As many of you are grilling out, sunning at the pool or boating on the river this Memorial Day, take some time to remember why we celebrate this federal holiday.
Memorial Day, celebrated the last Monday in May each year, commemorates the soldiers who have died serving and protecting our country. You may know it’s an important day to honor, but you may not know these seven facts:
The holiday was formerly known as Decoration Day. It originated after the American Civil War to remember the Confederate and Union soldiers who died.
The difference between Memorial Day and Veterans Day is that Memorial Day honors soldiers who have fallen, and Veterans Day is for all military veterans.
The first Memorial Day speech was given by James A. Garfield, then an Ohio congressman, at Arlington National Cemetery in Virginia in 1868.
Congress declared Waterloo, New York, to be the birthplace of the holiday.

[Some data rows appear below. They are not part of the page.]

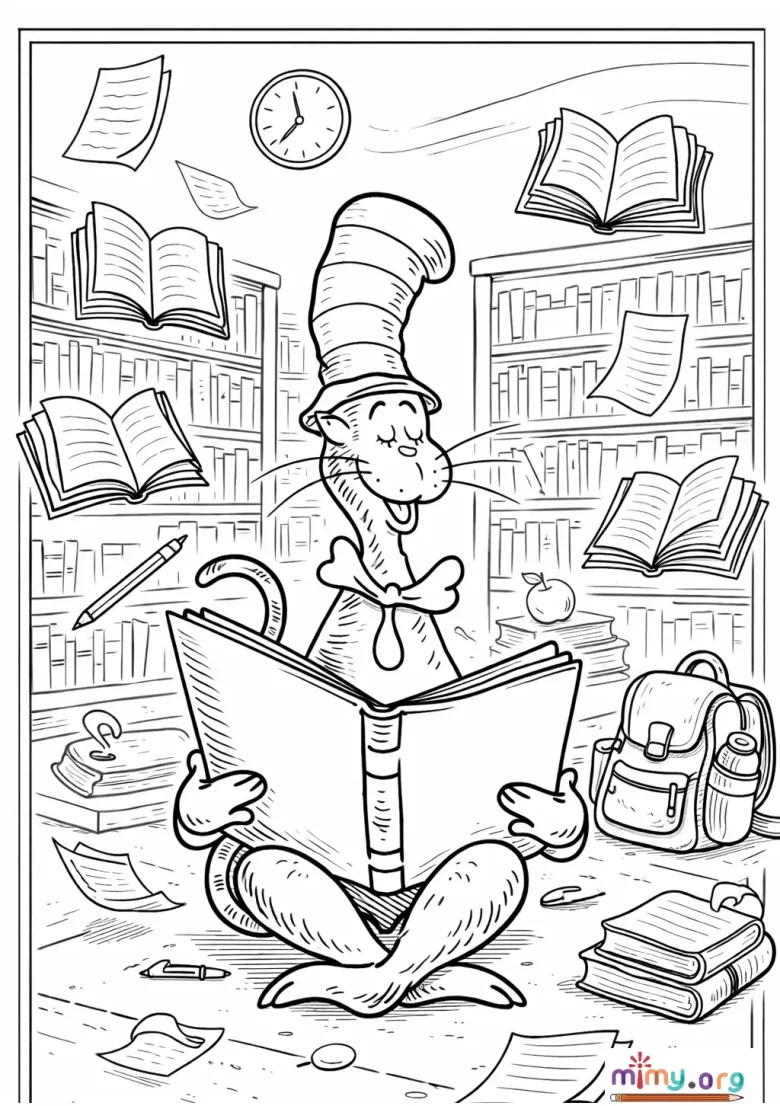 The Cat in the Hat Reading a Book coloring pages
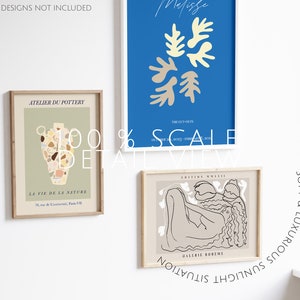 May include: Three framed art prints on a white wall. The print on the left features a green background with a brown and beige vase with a floral design. The text "ATELIER DU POTTERY" and "LA VIE DE LA NATURE" is on the print. The print in the middle features a blue background with abstract shapes in beige and yellow. The text "Melisse" and "THE CUT-OUTS" is on the print. The print on the right features a beige background with a black line drawing of two figures. The text "EDITIO" and "GALERIE BOREME" is on the print.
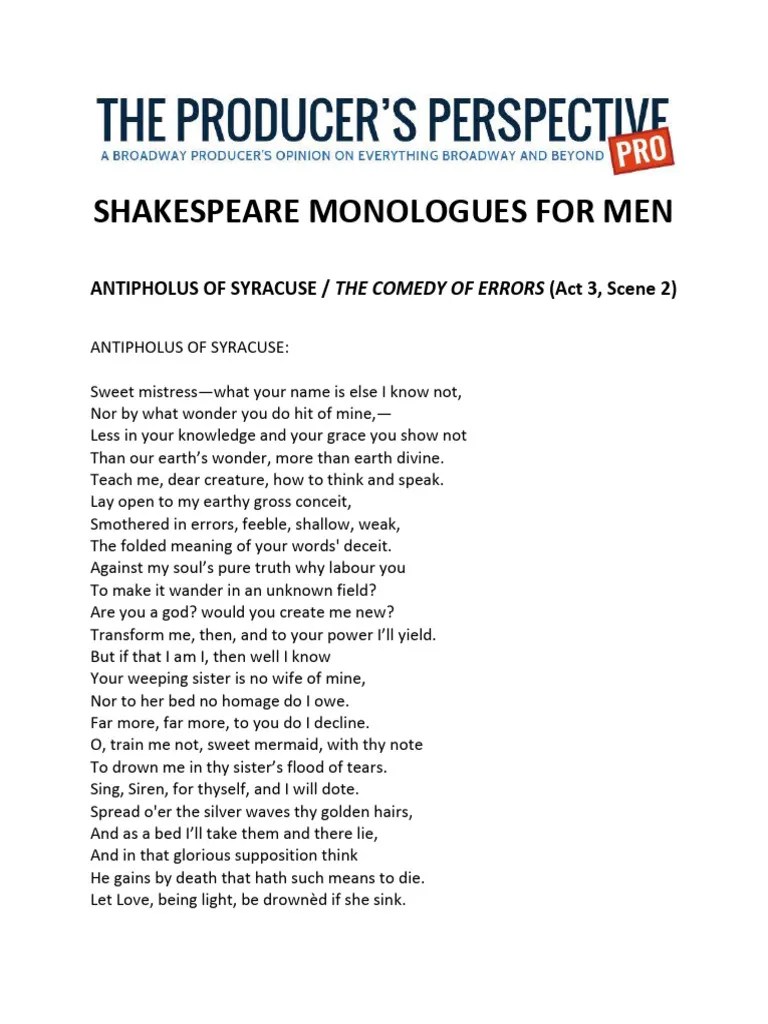 Comedic Shakespeare Monologues for Men | PDF | The Comedy Of Errors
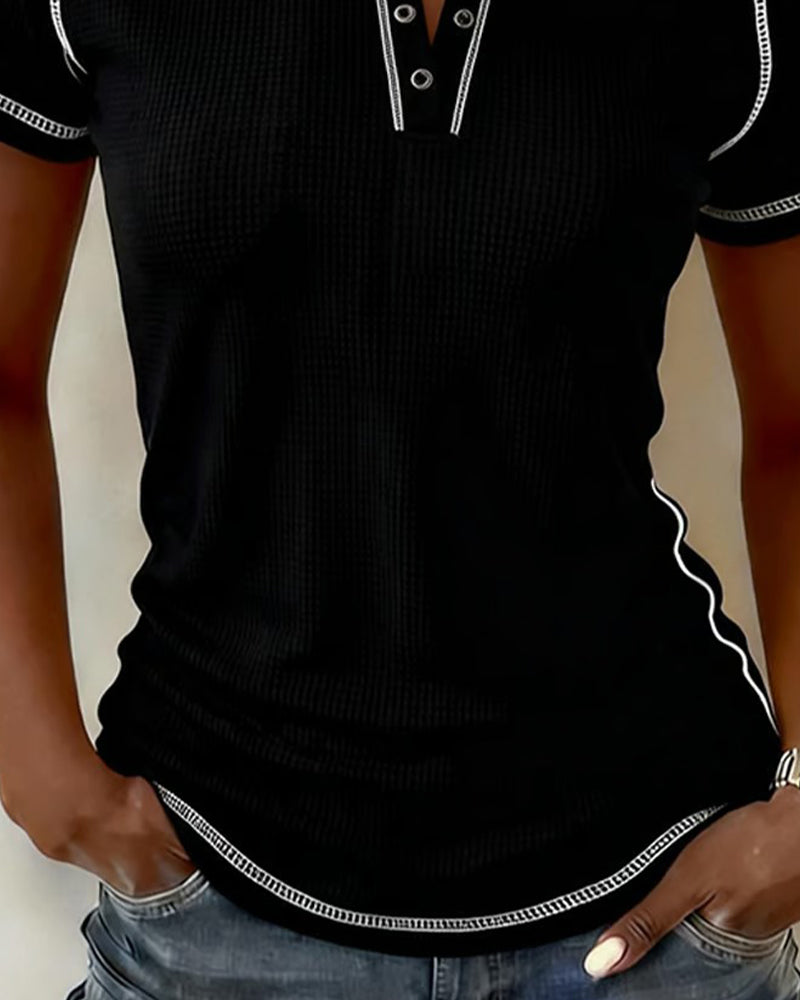 T-Tröja Vev Waffle Henley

On Memorial Day weekend in 1988, 2,500 motorcyclists rode into Washington, D.C. for the first Rolling Thunder rally to draw attention to Vietnam War soldiers still missing in action or prisoners of war. By 2002, the ride had swelled to 300,000 bikers, many of them veterans. There may have been a half-million participants in 2005, in what organizers bluntly call “a demonstration — not a parade.”

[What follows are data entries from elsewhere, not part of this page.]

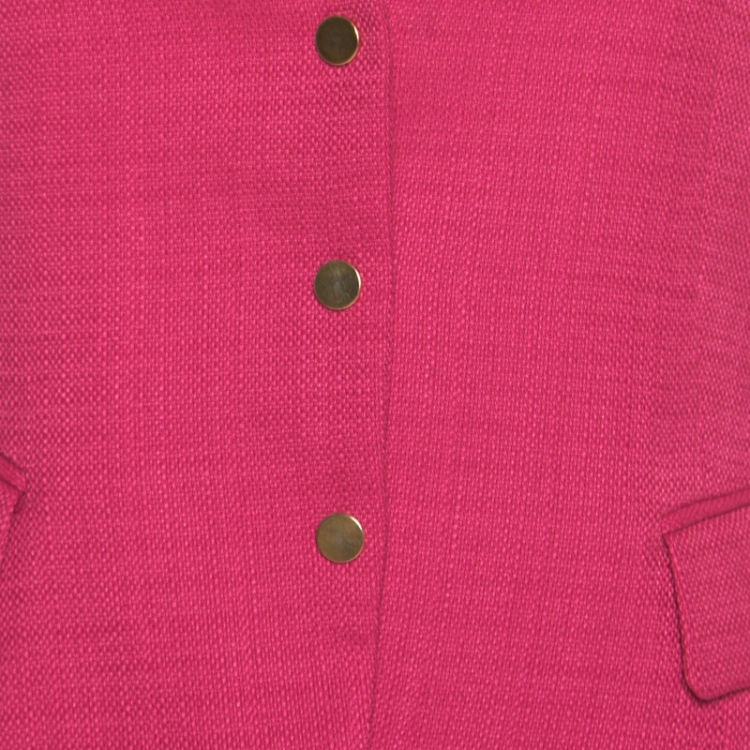 Pre Owned Elie Tahari Pink Textured Fitted Angular Blazer S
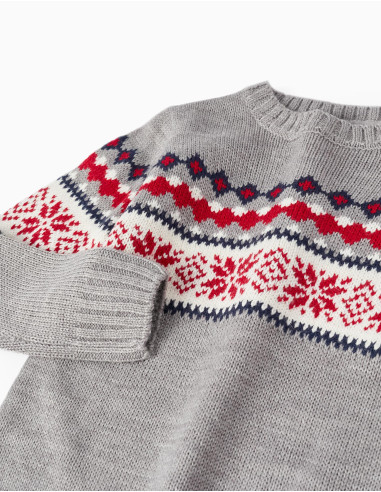 JERSEY GRIS NIÑO GRECA ROJA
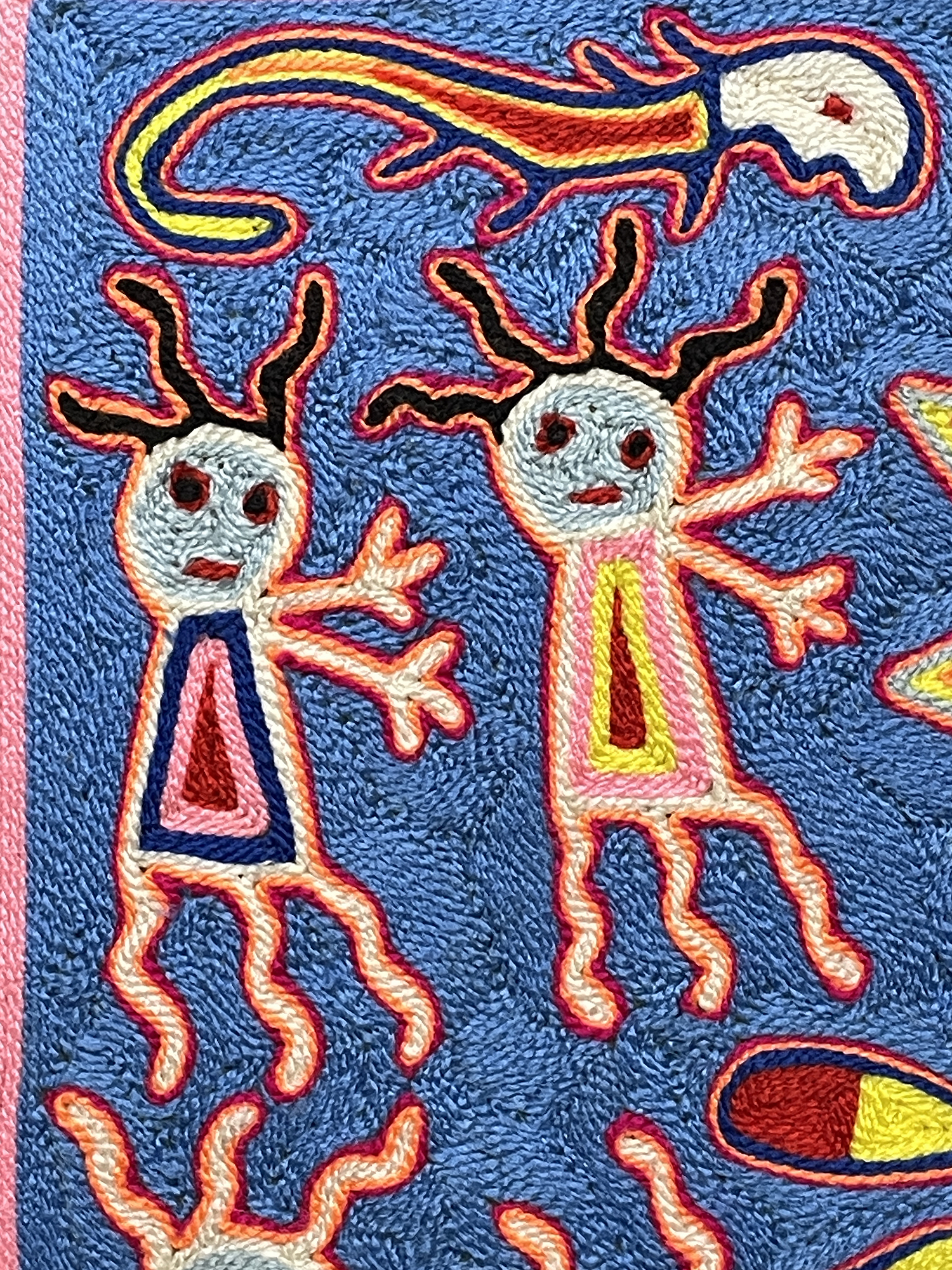 "Dios Venado y Dios Fuego" (Deer-god and drum-god) - Nierika Yarn Painting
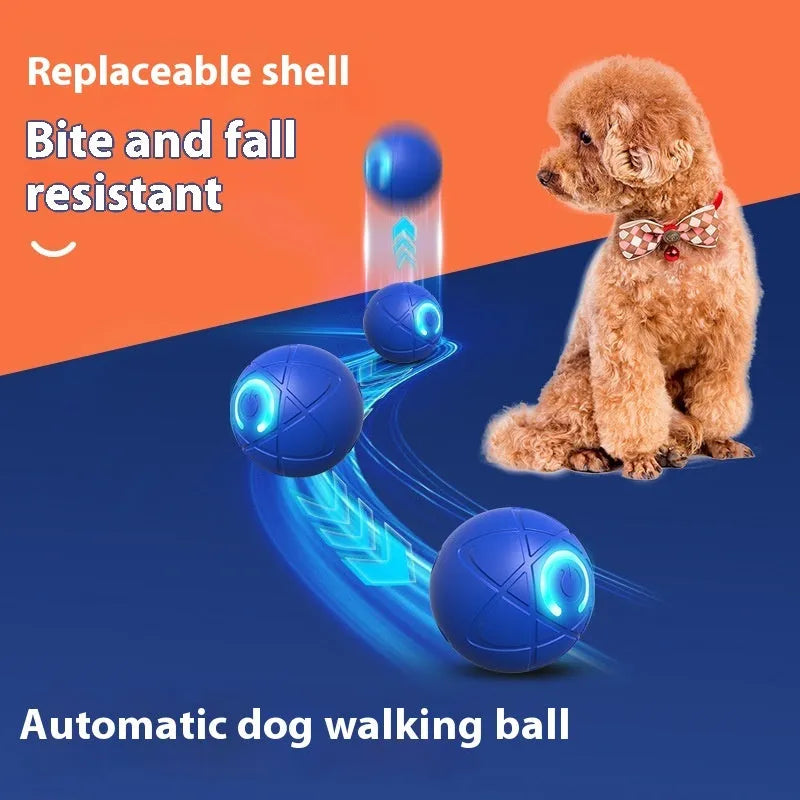 Rubber pet toy ball for dogs and cats in orange red or sapphire blue, single or dual mode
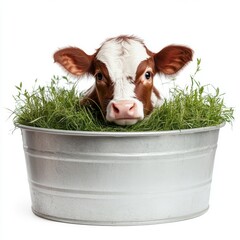 Wall Mural - Isolated white, transparent background of a baby cow in a tub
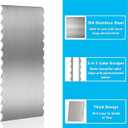 9 Inch Stainless Steel Cake Scraper, Cake Decorating Tools Sided Patterned Edge Stripe Smoother Frosting Scraper Decorating Comb for Mousse Butter Cream Tall Cake Pastry Decoration (SC-2)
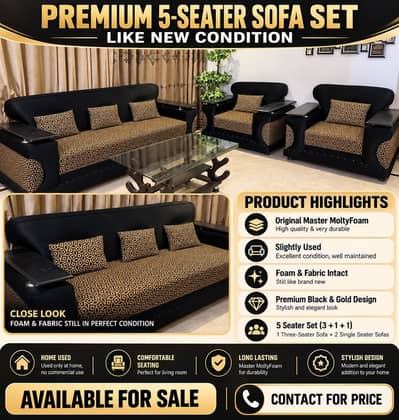 Premium 5 Seater Sofa | Master MoltyFoam • Like New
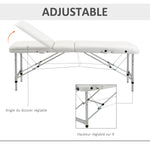Table de massage 3 zones pliante cosmétique portable charge max. 225 Kg hauteur réglable cadre en alliage blanc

It is customary on Memorial Day to fly the flag at half staff until noon and then raise it to the top of the staff until sunset.

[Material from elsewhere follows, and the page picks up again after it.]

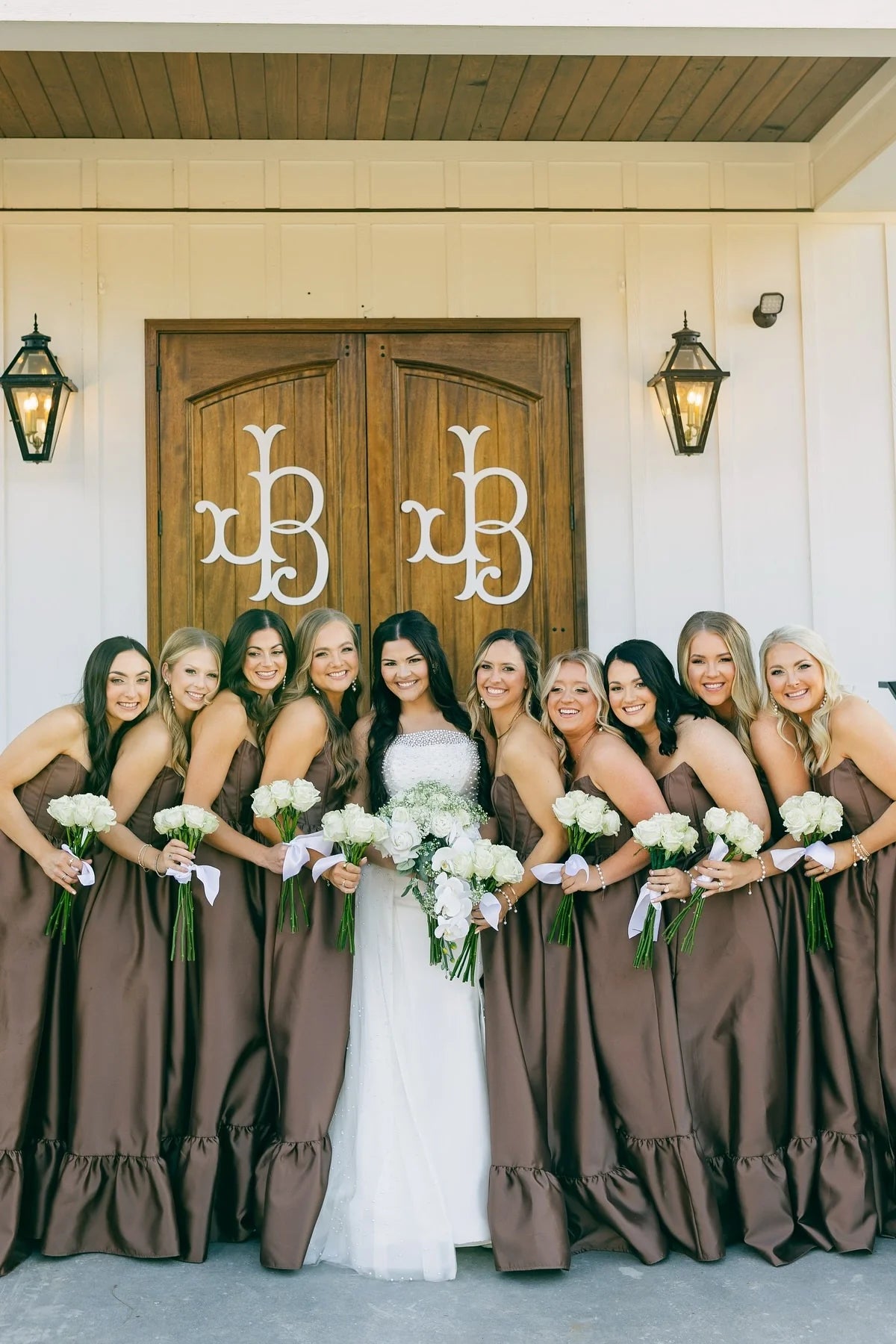Strapless Brown Ruffle Bridesmaid Dress with Slit SH6567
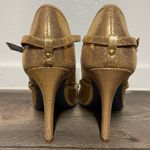 Rebecca Minkoff  penny embossed gold Mary Janes scalloped heels croc embossed 6.5 Photo 3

Several Southern states continue to set aside a day for honoring the Confederate dead, which is usually called Confederate Memorial Day. It’s on the fourth Monday in April in Alabama, April 26 in Georgia, June 3 in Louisiana and Tennessee, the last Monday in April in Mississippi, May 10 in North and South Carolina, January 19 in Texas and the last Monday in May in Virginia.